In-house design teams aren’t always as cost-effective as they seem, and outsourcing to an external consultancy can be an instant way to reduce overheads. It may also be the case that the designers themselves prefer the consultancy environment to the corporate one, and that the design group can introduce processes that can lead to greater efficiencies and better results for the client company.

If you are considering such a move, Tupe legislation – Transfer of Undertakings (Protection of Employment) – might apply to the approach you take and dictate how you organise the transfer. Several key elements (hourly rates, volumes and scope of work, exclusivity arrangements and key performance indicators) must be agreed with your selected consultancy, but you’ll find that Tupe legislation provides the legal framework within which you will both operate.

Tupe is a European law which protects an employee from losing their job when the team they work for moves to another employer (ie if the work goes elsewhere, the employee comes as part of the package). Tupe is only applied when a defined economic entity, such as a complete business function rather than a large piece of work, is transferred.

Before the transfer, one or more team members must be elected as an Employee Representative to liaise between the company and the consultancy. A full consultation period is then required to ensure the transferees are fully informed of the legal, economic and social implications of the transfer and to enable all negotiations to be seen through to their conclusion. Tupe states that each remuneration package must be matched in full (with the possible exception of terms relating to occupational pension schemes) by the new employer and that any dismissal connected to the transfer will be deemed unfair. It’s a legal minefield with potential claims for discrimination or personal injury and both parties will need detailed advice from solicitors. Be sure to do everything by the book – and it’s a big, complex book.

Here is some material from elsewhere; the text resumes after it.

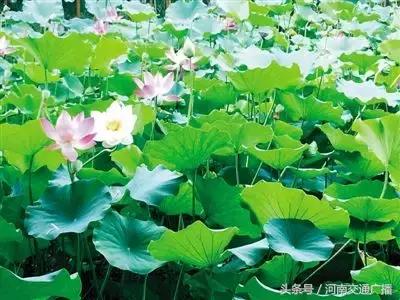 郑州哪里可以入夏赏荷,郑州最佳赏荷地来了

For all of the restrictions and protocol, the Tupe process allows both parties to discuss and agree the nature and detail of the transfer from the start, including the ongoing working relationship. This goes a long way to ensuring neither party has any unpleasant surprises after the contracts are set in stone and that no claims can be made by those transferring.

Tupe dictates the contract of employment is not terminated when the employee transfers, and that the employee is not ‘selected’ by either the client company or the recipient consultancy. Trimming the team down or even changing the detail of a person’s role will give rise to claims of unfair practice, and this is one of the most sensitive aspects of the transfer, as even if you are playing fair, it may appear you’re not. So an experienced personnel manager is vital, to steer the consultation process and, ideally, to keep records of all decisions and formal conversations between the two companies and the employees.

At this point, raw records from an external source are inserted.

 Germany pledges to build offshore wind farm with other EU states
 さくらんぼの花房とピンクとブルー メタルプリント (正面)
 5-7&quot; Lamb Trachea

With the Tupe transfer of Boots the Chemists’ 29-strong team to Jupiter (DW 16 December 2004), we each relied on our own teams of solicitors and personnel advisers. The meetings were often long and detailed and a huge amount of ground had to be covered to stay within Tupe guidelines. But this paid off, as the transfer was smooth, with no issues resulting. Both parties are enjoying the benefits of the transfer and can focus on creating excellent design solutions that deliver for the client, without the need to return to distracting discussions on the transfer’s legalities.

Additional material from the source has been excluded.